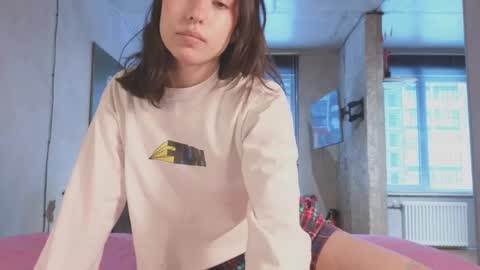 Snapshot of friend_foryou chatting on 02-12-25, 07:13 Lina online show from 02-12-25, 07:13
* * *
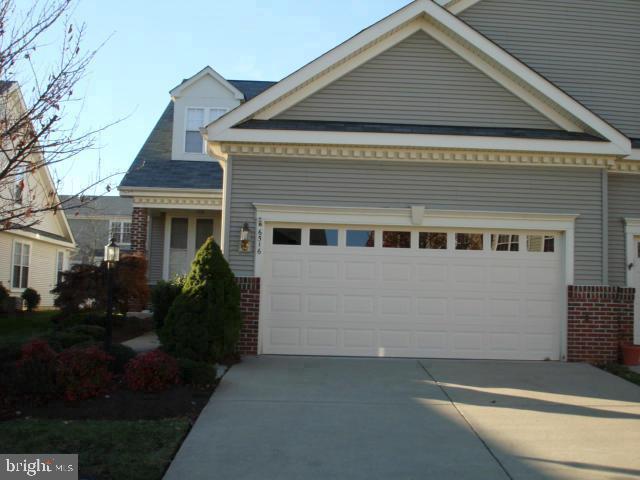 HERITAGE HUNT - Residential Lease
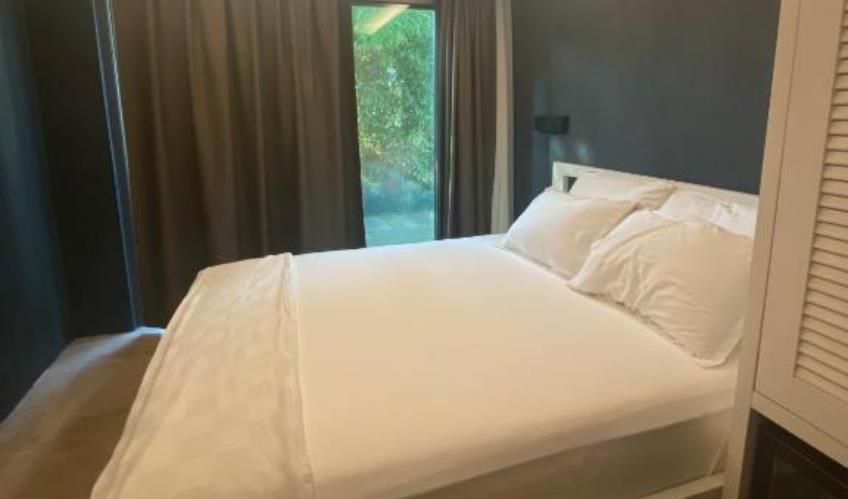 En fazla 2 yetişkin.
...
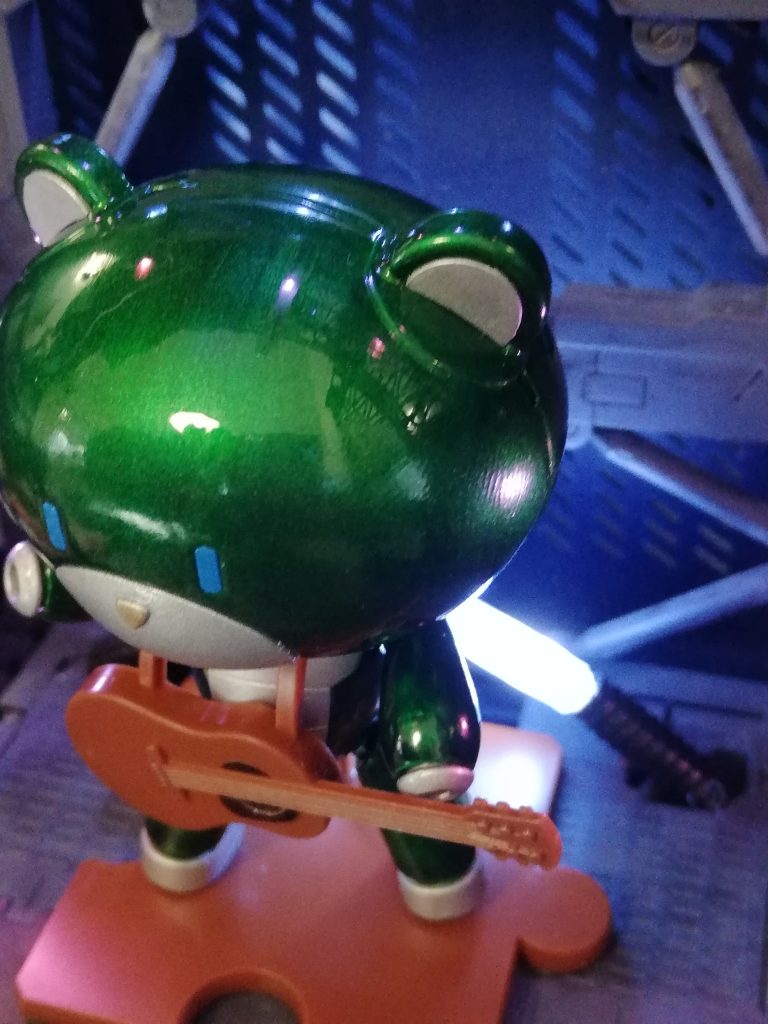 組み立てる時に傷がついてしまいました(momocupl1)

• [PROBLEM] Starting at the line with "HERITAGE HUNT - Residential Lease" in the entries above, write out every line exactly until the line with "En fazla 2 yetişkin." has been written. Include no pictures and nothing more.

• [SOLUTION FOR THIS EXERCISE]
 HERITAGE HUNT - Residential Lease
 En fazla 2 yetişkin.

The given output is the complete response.